4

I have a numpy array of integer tuples of length 3 (x) and a numpy array of integer tuples of length 2 (y).

x = numpy.array([[3, 4, 5], [5, 12, 13], [6, 8, 10], [7, 24, 25]]) #first 4 elem
y = numpy.array([[3, 4], [4, 5], [3, 5], [5, 12]]) # first 4 elem

I am trying to compare elements within array y: [a, b] and [b, c] and [a, c] that are subsets of a single element [a, b, c] within array x. I call this function union. My loop heavy method to find the union is shown below. This is not too good for my arrays that contain 200K minimum elements.

def union(x, y):
for intx in range (len(x)):
    cond1 = cond2 = cond3 = 0
    for inty in range (len(y)):
        if (y[inty][0] == x[intx][0] and y[inty][1] == x[intx][1]): #[a, b] & [a, b, c]
            print ("condition 1 passed")
            cond1 = 1
        if (y[inty][0] == x[intx][1] and y[inty][1] == x[intx][2]): #[b, c] & [a, b, c]
            print ("condition 2 passed")
            cond2 = 1
        if (y[inty][0] == x[intx][0] and y[inty][1] == x[intx][2]): #[a, c] & [a, b, c]
            print ("condition 3 passed")
            cond3 = 1
        if (cond1 & cond2 & cond3):
            print("union found with ", x[intx])
            cond1 = cond2 = cond3 = 0
return

>>> union(x,y)
condition 1 passed
condition 2 passed
condition 3 passed
union found with  [3 4 5]
condition 1 passed

UPDATE #1: Example 1: This set of x and y have no union:

x = numpy.array([[21, 220, 221]])
y = numpy.array([[21, 220], [20, 21], [220,3021], [1220,3621], [60,221]])

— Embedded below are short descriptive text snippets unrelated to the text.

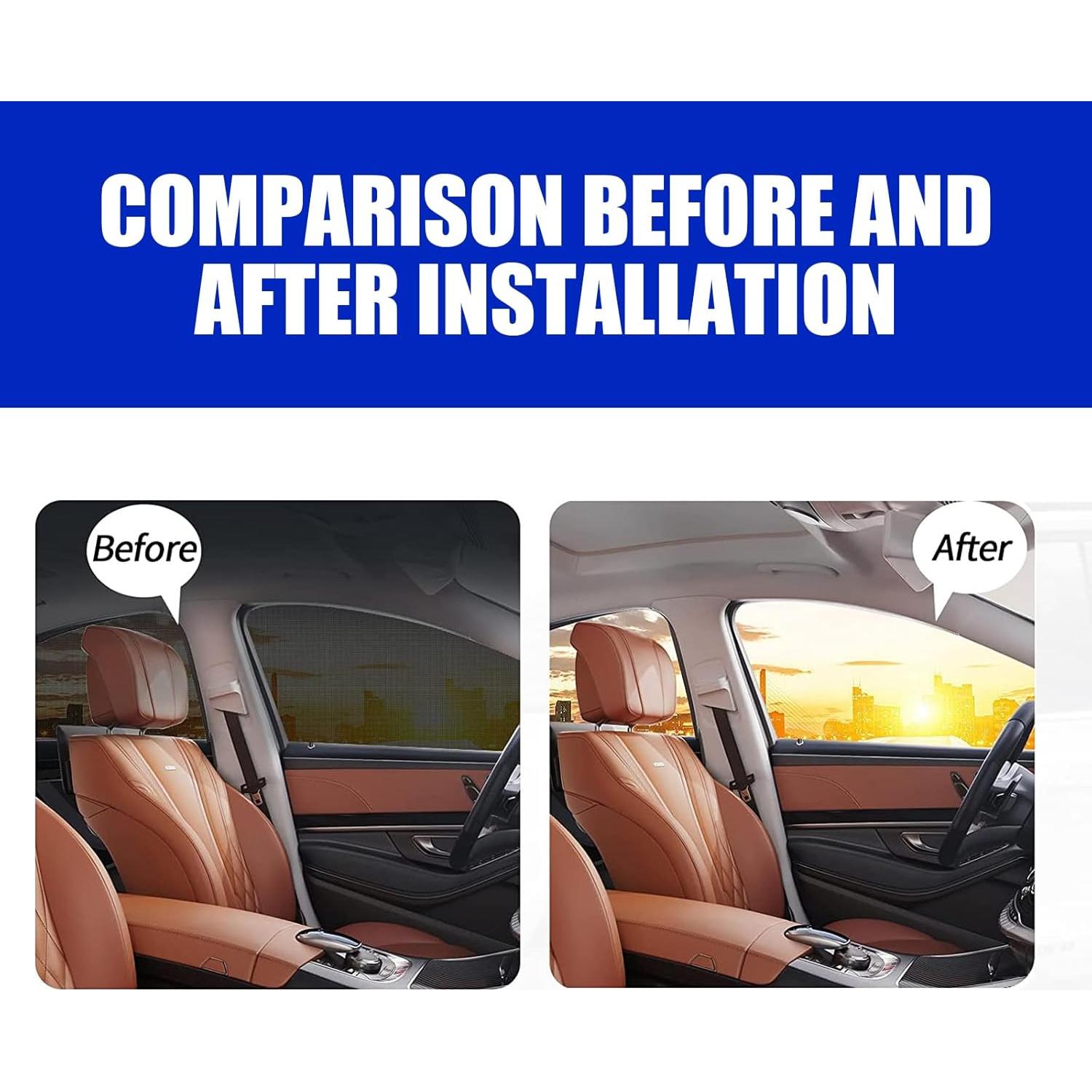 Pack 4 Sombrillas Laterales GKmow para SUV Doble Capa Negro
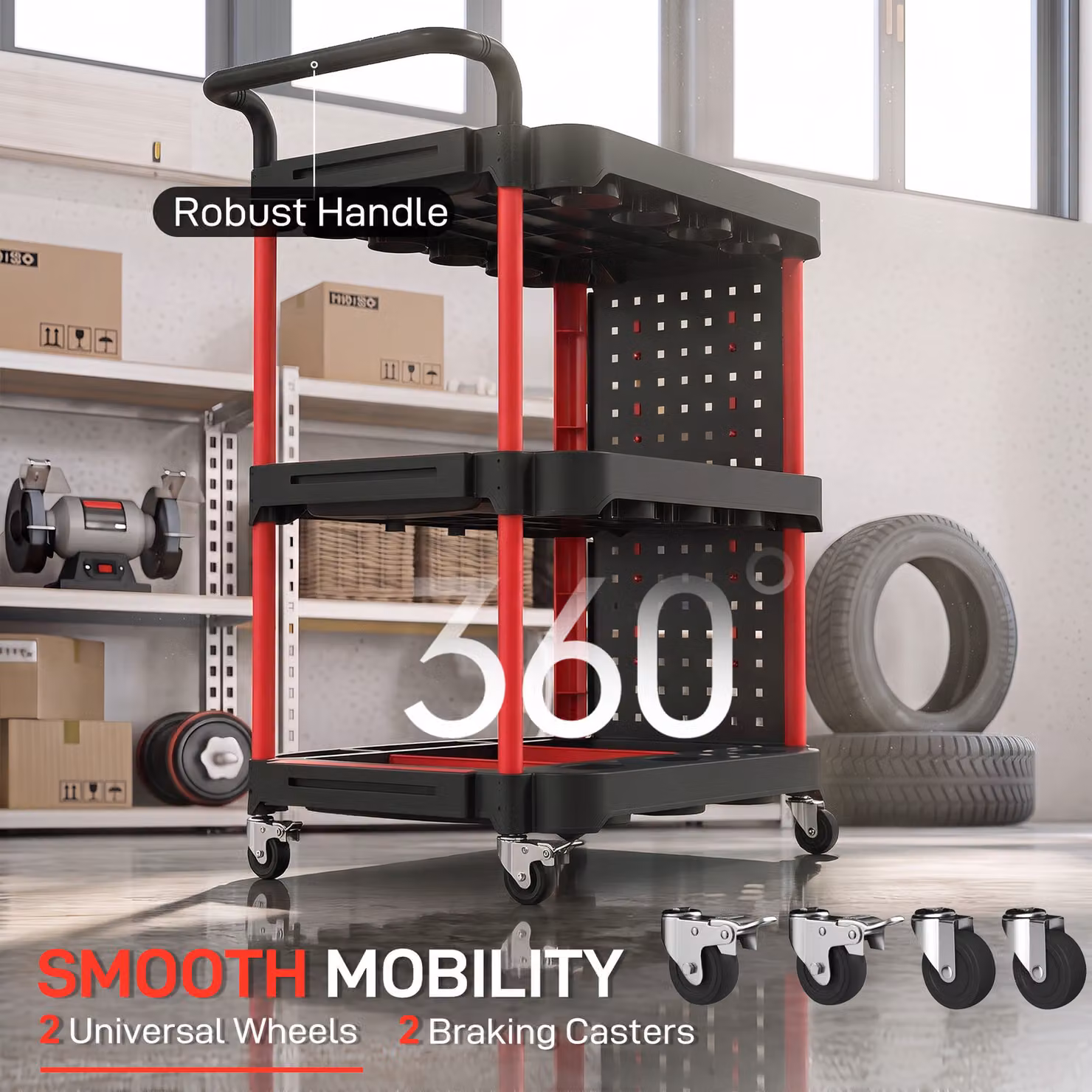 HOMCOM 3-Tier Rolling Tool Cart with Pegboard and Hooks, Black and Red Storage Trolley with Brakes – 4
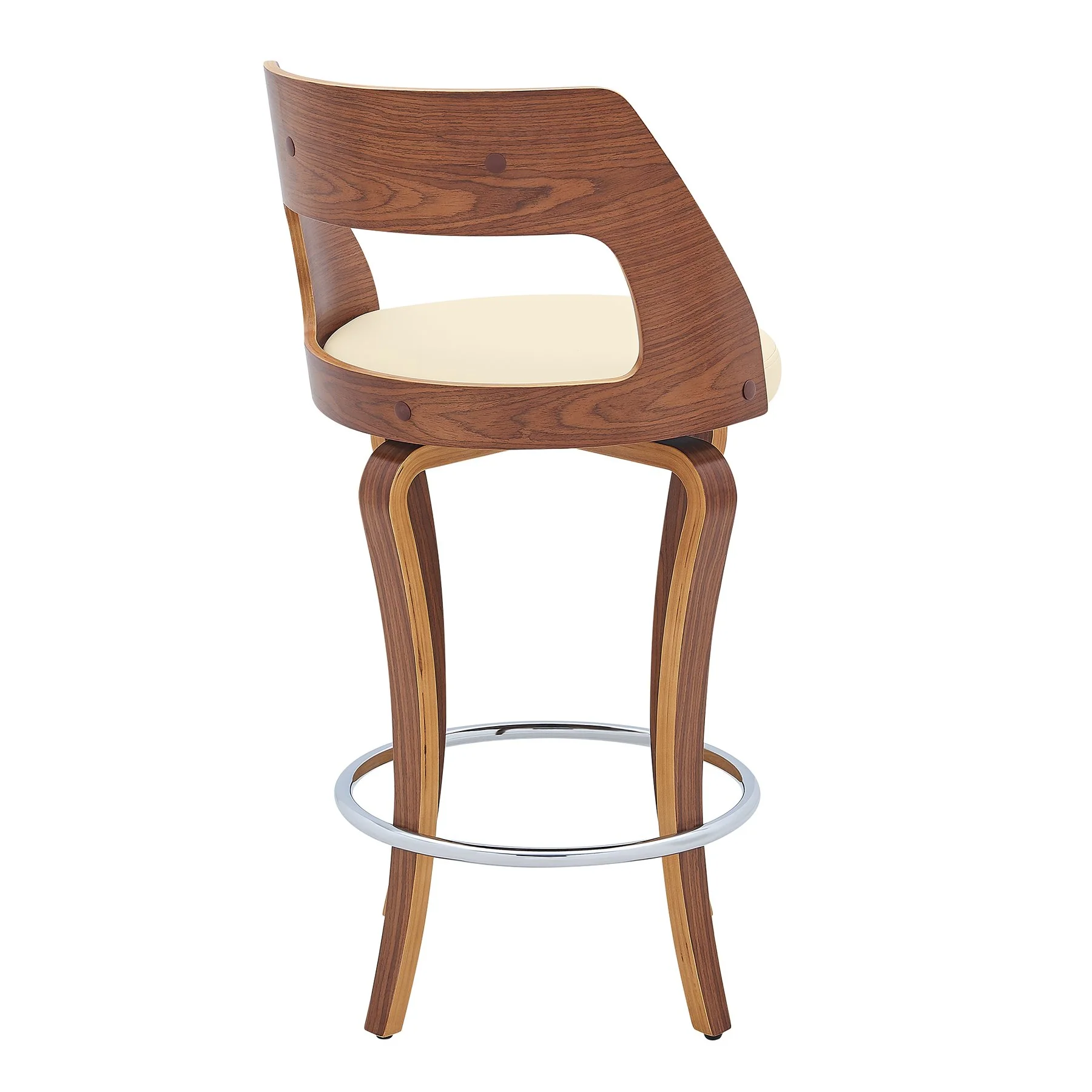 Grady 25" Swivel Cream Faux Leather and Walnut Wood Bar Stool - Image 4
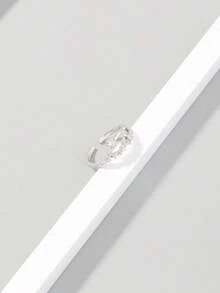 Nooxian 1pc Luxury Asymmetrical Arrangement Copper Zirconia Stone Adjustable Ring - Silver - View 4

UPDATE #2: Example 2: This set of x and y have no union:

x = numpy.array([[43, 924, 925]])
y = numpy.array([[43, 924], [924, 1643], [924,4307], [72, 925]])

Example 3: Here is a set of x and y that have a union of [4, 8, 16].

x = numpy.array([[4, 8, 16], [8, 4, 16]])
y = numpy.array([[4, 8], [8, 16], [4, 16]])

Example 4: Here is a set of x and y that have a union of [12, 14, 15].

x = numpy.array([[12, 13, 15], [12, 14, 15]])
y = numpy.array([[12, 14], [12, 13], [12, 15], [14, 15]])

Summary: In general terms, array x and y will have a union of [a, b, c] if

x = numpy.array([[a, b, c], ...])
y = numpy.array([[a, b], [b, c], [a, c],...])

or random ordering in y

y = numpy.array([[...[b, c], [a, c], ... [a, b]])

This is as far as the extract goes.